* [Instructions to follow]:
Exact duplicates of the lines from the top of the data through the line containing "2008 ford edge se sport utility 4-door 3.5l" are needed, with every picture left out.

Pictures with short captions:
^^^^

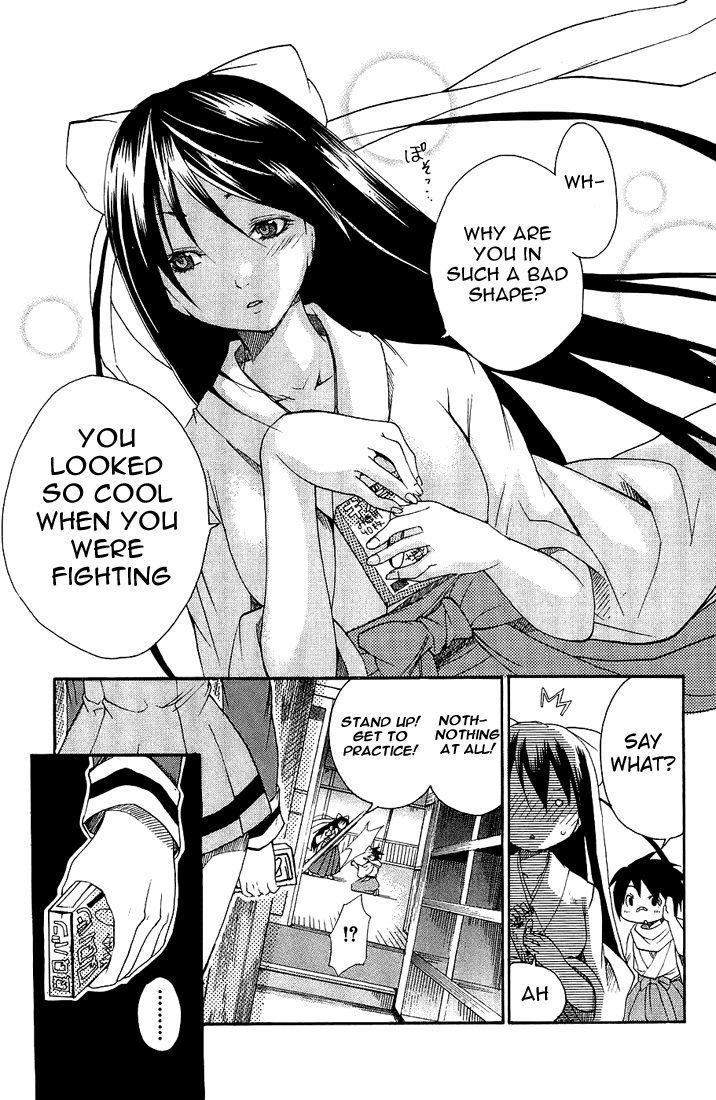 Asu no Yoichi! Chapter 2 page 44 - Chapter 2: Welcome to Yokko High School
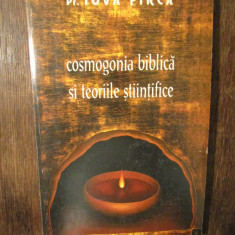 Cosmogonia biblică și teoriile științifice - Iova Firca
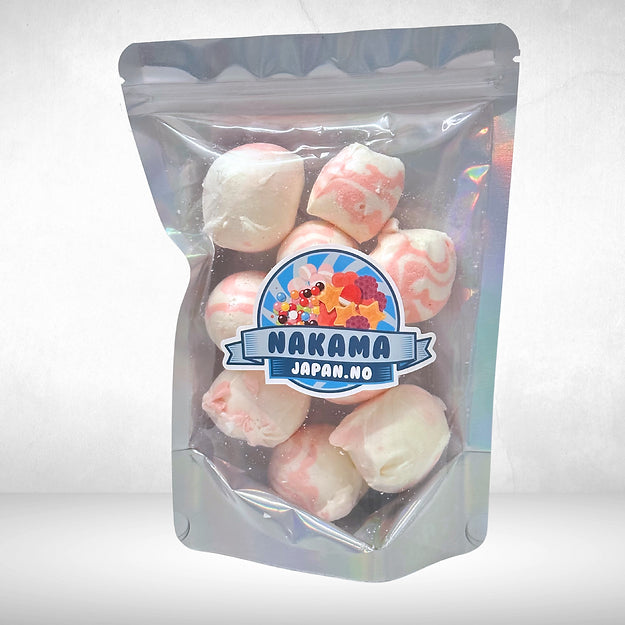 Freeze Dried Salt Water Taffy Strawberry Cheesecake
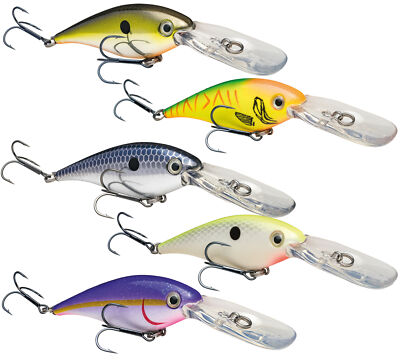 Strike King Lucky Shad Walleye 7,5cm 14,2g- Wobbler, Kunstköder, Hardbait, Crank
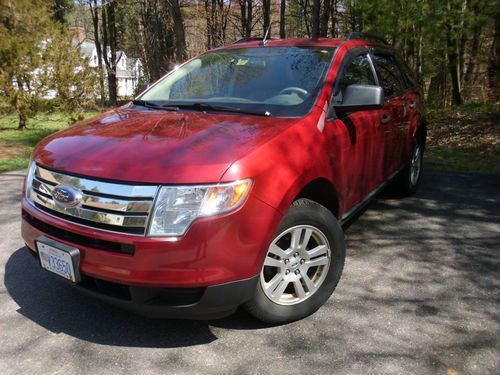 2008 ford edge se sport utility 4-door 3.5l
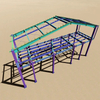 2024 Prefabricated Quick and Convenient Installation Corrugated Steel Sheet Metal Frame Building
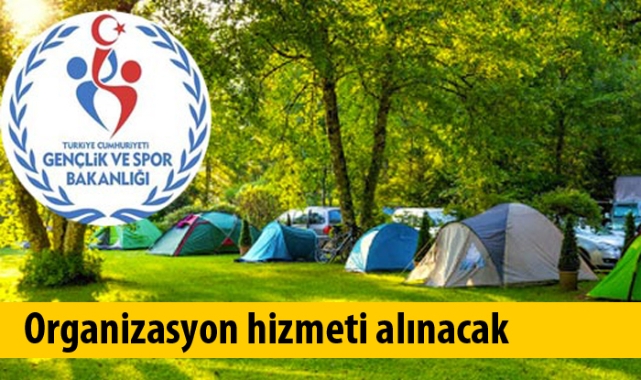 Organizasyon hizmeti alınacak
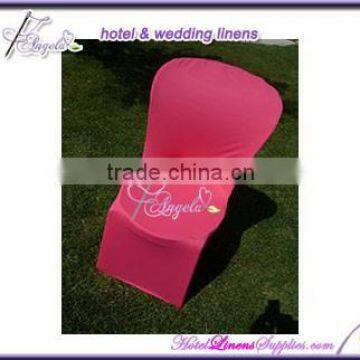 Red Spandex Bistro Chair Covers, Red Lycra Miami Chair Covers, Stretch Bistro Chair Covers for Bistro Chairs, Miaimi Chairs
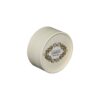 Most Popular Fancy Paper Tube Round Box Cylinder Packaging with Plastic Tray and Glod Logo for Beauty Packaging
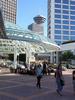 Pan Pacific Hotel entrance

^^^^

* [Answer below]:
 Asu no Yoichi! Chapter 2 page 44 - Chapter 2: Welcome to Yokko High School
 Cosmogonia biblică și teoriile științifice - Iova Firca
 Freeze Dried Salt Water Taffy Strawberry Cheesecake
 Strike King Lucky Shad Walleye 7,5cm 14,2g- Wobbler, Kunstköder, Hardbait, Crank
 2008 ford edge se sport utility 4-door 3.5l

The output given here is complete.